Sí la derecha, en general, está falta de prejuicios y no tiene reparó en asumirse frente al espejo como hiena, la izquierda se inviste abanderada de los más puros y loables intereses en favor de la humanidad, pero tiene al mismo tiempo una escasa habilidad para el autoanálisis. Y es triste porque este proceder ciega y dificulta enormemente esa mirada consciente y sin complejos que todos necesitamos para asumir qué hay detrás de la cortina y airear la sala. Sus discursos se sustentan, en demasiadas ocasiones, en generalizaciones vagas y abstractas, en utopías e ideales cuasi religiosos. Cuando alguien trata de señalar cierta falta de coherencia en su discurso está condenado al sinsabor de ser acusado y acosado desde una posición de intolerancia extrema. Es entonces cuando el que señala el narcisismo de la izquierda y un soterrado afán interno por primar el uno sobre el otro, cuando se expone abiertamente la ausencia de una mirada compasiva hacia el individuo sacrificado siempre en favor del colectivo, cuando alguien pone de relieve que la persona es considerada tan solo un frío número frente al poder del grupo cuando todo se vuelve en contra. Quién se atreve a señalar el punto que quiebra la línea perfecta, sin otro afán que el de abrir espacio a la reflexión, recibe su castigo y es condenado al ostracismo.
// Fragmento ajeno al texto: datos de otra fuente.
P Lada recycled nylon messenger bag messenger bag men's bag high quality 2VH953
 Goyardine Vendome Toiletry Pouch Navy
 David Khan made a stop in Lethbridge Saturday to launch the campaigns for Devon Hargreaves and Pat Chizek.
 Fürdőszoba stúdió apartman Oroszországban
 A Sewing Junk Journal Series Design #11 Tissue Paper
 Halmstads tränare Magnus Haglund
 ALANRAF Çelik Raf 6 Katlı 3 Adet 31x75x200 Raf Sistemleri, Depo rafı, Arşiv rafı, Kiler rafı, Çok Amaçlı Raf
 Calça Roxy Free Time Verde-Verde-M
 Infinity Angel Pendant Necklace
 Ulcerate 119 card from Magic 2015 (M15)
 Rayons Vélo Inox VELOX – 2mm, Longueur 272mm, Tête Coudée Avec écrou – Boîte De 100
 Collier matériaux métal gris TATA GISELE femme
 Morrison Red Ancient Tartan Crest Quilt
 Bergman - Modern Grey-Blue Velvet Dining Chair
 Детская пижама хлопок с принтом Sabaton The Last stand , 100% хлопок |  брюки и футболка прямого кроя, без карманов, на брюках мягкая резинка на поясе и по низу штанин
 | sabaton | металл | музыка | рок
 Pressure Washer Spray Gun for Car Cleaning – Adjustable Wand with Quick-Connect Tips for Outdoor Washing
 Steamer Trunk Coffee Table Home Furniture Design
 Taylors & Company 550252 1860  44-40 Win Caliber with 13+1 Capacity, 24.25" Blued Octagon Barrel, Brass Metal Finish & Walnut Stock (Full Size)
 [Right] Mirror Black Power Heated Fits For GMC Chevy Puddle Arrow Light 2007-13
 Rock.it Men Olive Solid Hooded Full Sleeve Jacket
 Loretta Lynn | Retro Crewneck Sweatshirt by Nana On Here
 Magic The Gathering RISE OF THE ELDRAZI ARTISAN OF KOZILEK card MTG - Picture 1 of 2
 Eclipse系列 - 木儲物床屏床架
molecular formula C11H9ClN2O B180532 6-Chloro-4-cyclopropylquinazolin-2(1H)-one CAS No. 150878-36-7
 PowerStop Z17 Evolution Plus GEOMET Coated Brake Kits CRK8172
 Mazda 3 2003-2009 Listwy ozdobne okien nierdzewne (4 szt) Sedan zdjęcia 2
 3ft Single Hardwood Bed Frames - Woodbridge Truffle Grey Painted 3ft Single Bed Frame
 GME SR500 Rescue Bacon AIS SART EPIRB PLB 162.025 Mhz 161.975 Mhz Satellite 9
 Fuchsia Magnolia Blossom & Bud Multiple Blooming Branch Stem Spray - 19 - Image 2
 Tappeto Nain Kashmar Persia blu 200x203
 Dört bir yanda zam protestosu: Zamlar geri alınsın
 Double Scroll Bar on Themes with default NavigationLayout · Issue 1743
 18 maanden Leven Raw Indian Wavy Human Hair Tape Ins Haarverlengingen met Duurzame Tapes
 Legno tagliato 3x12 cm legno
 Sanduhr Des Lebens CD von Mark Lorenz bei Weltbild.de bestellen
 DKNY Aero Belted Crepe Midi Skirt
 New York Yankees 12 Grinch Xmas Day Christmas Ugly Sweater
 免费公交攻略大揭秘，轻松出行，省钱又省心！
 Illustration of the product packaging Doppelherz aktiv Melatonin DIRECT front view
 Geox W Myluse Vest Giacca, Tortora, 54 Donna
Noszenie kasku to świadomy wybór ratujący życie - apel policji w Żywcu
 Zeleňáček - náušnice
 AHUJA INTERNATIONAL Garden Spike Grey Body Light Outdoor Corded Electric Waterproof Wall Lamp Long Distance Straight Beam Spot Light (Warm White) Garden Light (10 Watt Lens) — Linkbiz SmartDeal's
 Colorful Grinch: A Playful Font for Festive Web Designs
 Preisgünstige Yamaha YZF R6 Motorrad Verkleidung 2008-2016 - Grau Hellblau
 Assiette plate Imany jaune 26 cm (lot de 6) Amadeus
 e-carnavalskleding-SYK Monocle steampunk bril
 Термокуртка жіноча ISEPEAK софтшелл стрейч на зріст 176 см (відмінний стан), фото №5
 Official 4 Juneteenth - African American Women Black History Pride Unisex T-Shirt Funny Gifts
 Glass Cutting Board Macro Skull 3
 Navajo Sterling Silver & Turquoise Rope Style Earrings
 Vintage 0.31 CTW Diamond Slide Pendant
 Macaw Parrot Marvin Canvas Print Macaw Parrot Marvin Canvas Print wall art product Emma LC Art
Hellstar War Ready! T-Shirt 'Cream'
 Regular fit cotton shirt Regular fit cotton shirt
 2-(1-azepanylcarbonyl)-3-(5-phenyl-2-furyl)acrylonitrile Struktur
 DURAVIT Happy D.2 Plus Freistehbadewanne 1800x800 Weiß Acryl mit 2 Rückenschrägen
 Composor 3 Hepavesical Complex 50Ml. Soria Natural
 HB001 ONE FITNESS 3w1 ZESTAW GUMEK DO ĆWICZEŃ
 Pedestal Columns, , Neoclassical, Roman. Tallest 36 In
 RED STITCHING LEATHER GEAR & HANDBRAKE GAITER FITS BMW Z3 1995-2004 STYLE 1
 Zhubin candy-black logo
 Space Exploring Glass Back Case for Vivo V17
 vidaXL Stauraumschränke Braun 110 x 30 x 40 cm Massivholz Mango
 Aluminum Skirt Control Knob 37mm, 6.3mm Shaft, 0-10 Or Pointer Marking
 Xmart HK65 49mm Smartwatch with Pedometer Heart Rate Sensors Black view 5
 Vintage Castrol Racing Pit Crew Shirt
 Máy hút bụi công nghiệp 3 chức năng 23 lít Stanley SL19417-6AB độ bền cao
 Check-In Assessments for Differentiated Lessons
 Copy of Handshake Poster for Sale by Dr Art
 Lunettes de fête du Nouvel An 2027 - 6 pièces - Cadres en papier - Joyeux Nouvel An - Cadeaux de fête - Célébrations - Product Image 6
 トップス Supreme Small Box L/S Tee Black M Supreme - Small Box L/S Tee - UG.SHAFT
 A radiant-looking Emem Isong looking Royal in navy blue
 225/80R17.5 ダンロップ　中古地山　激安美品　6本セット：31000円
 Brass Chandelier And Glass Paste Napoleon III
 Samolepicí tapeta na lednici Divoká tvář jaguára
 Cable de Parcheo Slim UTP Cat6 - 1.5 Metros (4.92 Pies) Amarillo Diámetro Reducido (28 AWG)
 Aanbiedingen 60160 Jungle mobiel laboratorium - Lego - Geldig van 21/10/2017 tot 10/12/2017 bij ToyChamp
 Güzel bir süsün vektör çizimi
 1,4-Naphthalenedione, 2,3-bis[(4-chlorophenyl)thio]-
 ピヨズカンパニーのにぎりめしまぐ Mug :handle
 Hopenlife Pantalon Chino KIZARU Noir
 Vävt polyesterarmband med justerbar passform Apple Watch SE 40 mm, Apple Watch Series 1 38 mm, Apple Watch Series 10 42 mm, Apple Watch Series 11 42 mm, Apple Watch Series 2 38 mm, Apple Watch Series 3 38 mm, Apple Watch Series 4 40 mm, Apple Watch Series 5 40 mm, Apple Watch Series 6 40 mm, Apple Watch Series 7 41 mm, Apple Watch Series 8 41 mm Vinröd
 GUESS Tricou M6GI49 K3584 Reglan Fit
Es de rigor aclarar en este punto que no toda la izquierda se ha manejado históricamente bajo estos mismos parámetros. Sería inexacto e injusto. Existen multitud de casos en los que el ser humano se ha valorado más allá de consignas vacías y repetitivas acerca de un mundo mejor. Y aquí volvemos de nuevo a lo singular y a lo general. Retornamos a ese ancestral miedo por renovar con sabía nueva lo ya conocido, a evitar dar forma distinta a todo lo aprendido muchos años atrás, a prender incienso a los mismos y mantener altares, intocables de por vida, que nadie osa poner en tela de juicio. En este punto el bisturí irremediablemente se atasca. Nadie es capaz de alzar la voz y decir con absoluta franqueza que existe en esa izquierda a la que antes aludía, desde antaño y bien adherida al cuerpo, una vocación de intolerancia y un arraigado sentido de parcela; una innegable falta de sensibilidad para con los errores ajenos que les acompaña desde siempre. Por esta razón una Torre de Babel impenetrable trata de explicar y justificar, desde antiguo y como un mantra, toda una larga lista de desaciertos históricos.
Es responsabilidad del pensador, del intelectual implicado en la lectura de una realidad que debe serle cercana, el hecho de jugar un rol fundamental distanciándose de consistorios, instancias y grupos de poder. Es preciso, pese a las dificultades que conlleva, ser lo más objetivo y crítico posible frente a todo tipo de santuarios cualquiera que sea su signo. Es necesario ser directo y claro en la exposición evitando los falsos eufemismos; hay que ser valiente y dar un paso al frente arriesgando, si es necesario, incluso la propia piel. Al fin, si uno ha de ser vilipendiado por unos y otros sin piedad, que sea en defensa de un pensamiento independiente y de la propia honestidad personal.